Simon M says:
On this proposal, I think the named, standalone variant is preferable to the positional variant if we choose only one, because it allows more flexibility. Although I could imagine both being useful.
Indeed, I'd be perfectly happy to have both variants. (And we could extend this to existing deprecations/warnings, e.g. there's no good reason to force module deprecations to be positional.) Richard says:
- Though I understand the reasons against it, I'm an unabashed supporter of using the word "data" to supplant "pattern". My principal argument is that `data` can be used freely in the syntax, given that it's a keyword that has current meaning only as the first lexeme in a top-level declaration. (Specifically, I pine for a future where types and terms mix. We can then use `type` and `data` in the middle of expressions/ types to denote namespaces.) It also works nicely to mean "data constructor". I agree that it doesn't work as well with functions or the potential confusion around "data Bool = True | False" (though, in that last example, we can pretend hard that the `data` applies only to the bits after the `=`). The problem with `value` is that we would have `{-# DEPRECATED value, foo #-}` mean something very different than `{-# DEPRECATED value foo #-}`. This isn't a deal-breaker (punctuation normally is important in programming), but it's unfortunate.
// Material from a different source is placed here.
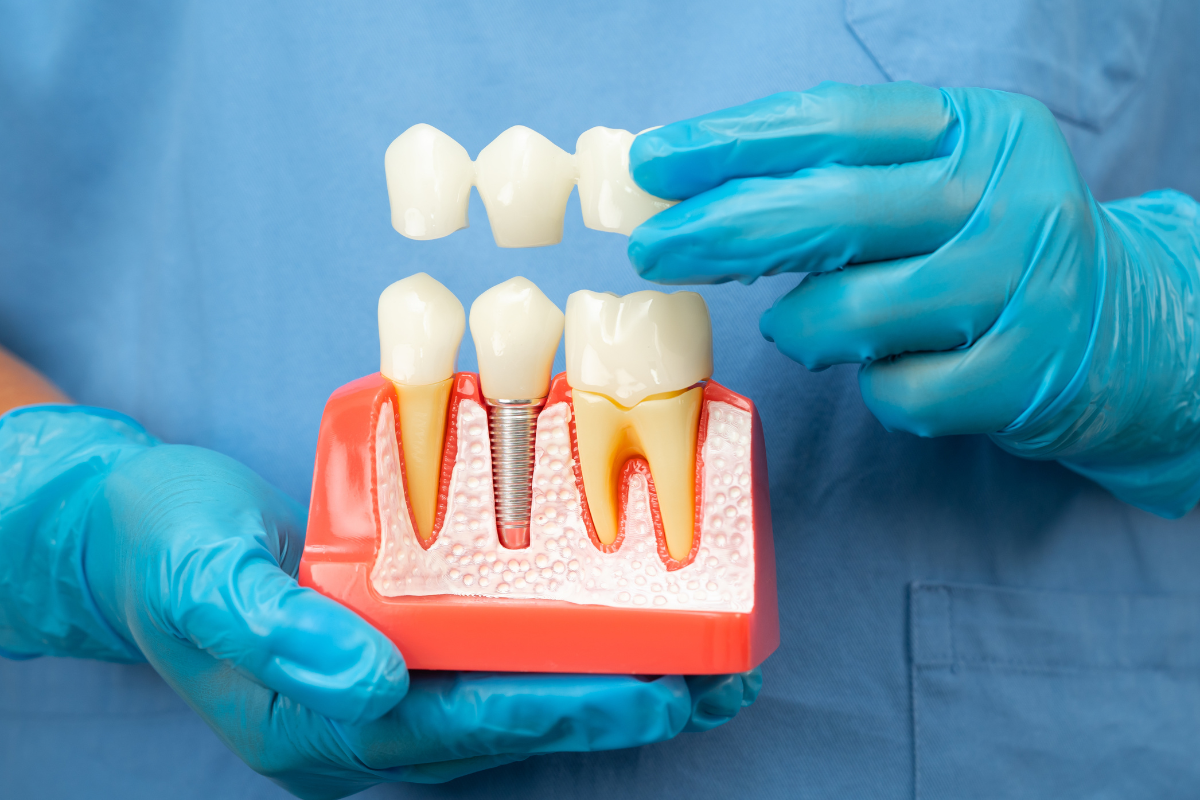 Featured image for “Why More Patients Choose Dental Implants for Permanent Tooth Replacement”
I don't have a problem with `data`. I think the potential confusion around `data Bool = True | False` won't faze experienced Haskellers (who are the target audience for these pragmas). And the fact that `data` is already a reserved keyword is quite nice. My main concern is that I'd like us to be consistent in how we disambiguate namespaces. If we want to use `data`, we should use it everywhere (synonyms are fine by me as long as they are also consistent). This would means we'd need to revise the fixity proposal I linked to above.